L’incrinatura (storie d’amore che si spezzano)

È un attimo. Un cric. Lo senti, perché non è vero che le metafore sono metafore: niente è più reale di loro, quando ci si mettono. È quel momento in cui lui, che stimi, che ami, dice o fa qualcosa che ti lascia perplessa. No, più di perplessa, a dire il vero se fosse un altro e non lui a dire o a fare una cosa del genere, non saresti affatto perplessa, saresti basita. Ci metteresti un fiat a fulminarlo con una occhiata assassina, e mentalmente prendere nota che quel tizio lì non lo vuoi frequentare più, nemmeno trovartelo vicino al bar mentre prendi un caffè o salirci assieme in ascensore.
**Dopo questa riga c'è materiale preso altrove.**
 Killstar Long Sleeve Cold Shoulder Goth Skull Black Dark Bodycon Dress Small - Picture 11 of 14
Ma siccome è stato lui a farlo, e ne è beatamente inconscio, o quando chiedi spiegazioni persino fiero, quel benedetto cric lo senti, ma decidi di ignorarlo. Ridi, come se fosse una battuta, la sua, anche se hai capito a istinto che non lo è. O minimizzi, trovandogli tutte le scuse possibili o accettando anche quelle impossibili: è stanco, voleva dire qualcosa d’altro, non ha capito bene, non ho capito bene io. Neghi. Testardamente, pervicacemente. Perché tu, che lo conosci, sai che lui non è così. Ti intigni come tutti i fanatici si intignano a trovare scuse per il loro Dio. Perché il problema non è che il Dio si riveli poco divino, in fondo: l’inaccettabile è che ti sia sbagliata e che ti stia rivelando troppo umana tu.
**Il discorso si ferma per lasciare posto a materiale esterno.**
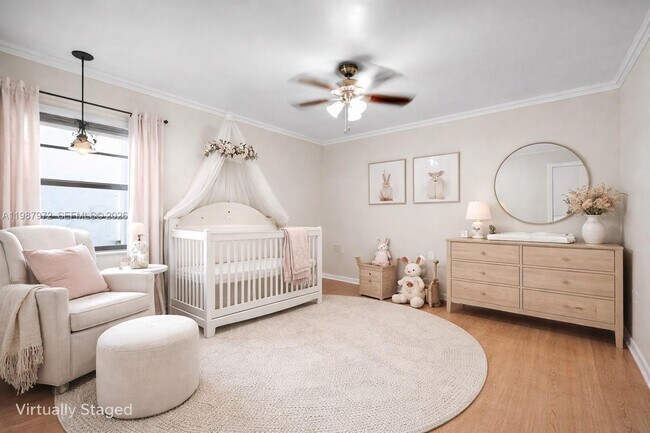 Building Photo - 4020 N Hills Dr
Ma l’incrinatura c’è, e come tutte le incrinature cammina, facendo scricchiolare il vetro che la contiene. E a poco a poco, come una lenta presa di coscienza, cominci a rivedere alla moviola tanti altri momenti passati, tanti gesti, tanti discorsi, che d’improvviso leggi in maniera diversa, e rileggere quelli presenti persino a valutare i futuri. Come certi dettagli di paesaggi, che cambiano completamente quando le vedi da un’altra angolazione, o con la luce diversa, ti rendi conto che hai di fronte qualcuno che non conosci, o non riconosci più.

E allora piano piano, e dolorosamente, accetti che forse l’incrinatura c’è sempre stata, e tu non l’avevi voluta vedere, non l’avevi capita, l’avevi considerata un vezzo, persino in pregio, e invece era un difetto, un vizio, una crepa strutturale. Così grave che adesso sta per mandare in pezzi tutta quella immagine che ti eri fatta di lui, e di cui ti eri innamorata.

E se sei fortunata, ti scansi un attimo prima che l’incrinatura faccia esplodere tutto in una cascata di schegge taglienti e pericolose.

Se sei fortunata. E bisogna esserlo tanto, perché sennò le schegge, di taglio, fanno male. Tanto male, eh.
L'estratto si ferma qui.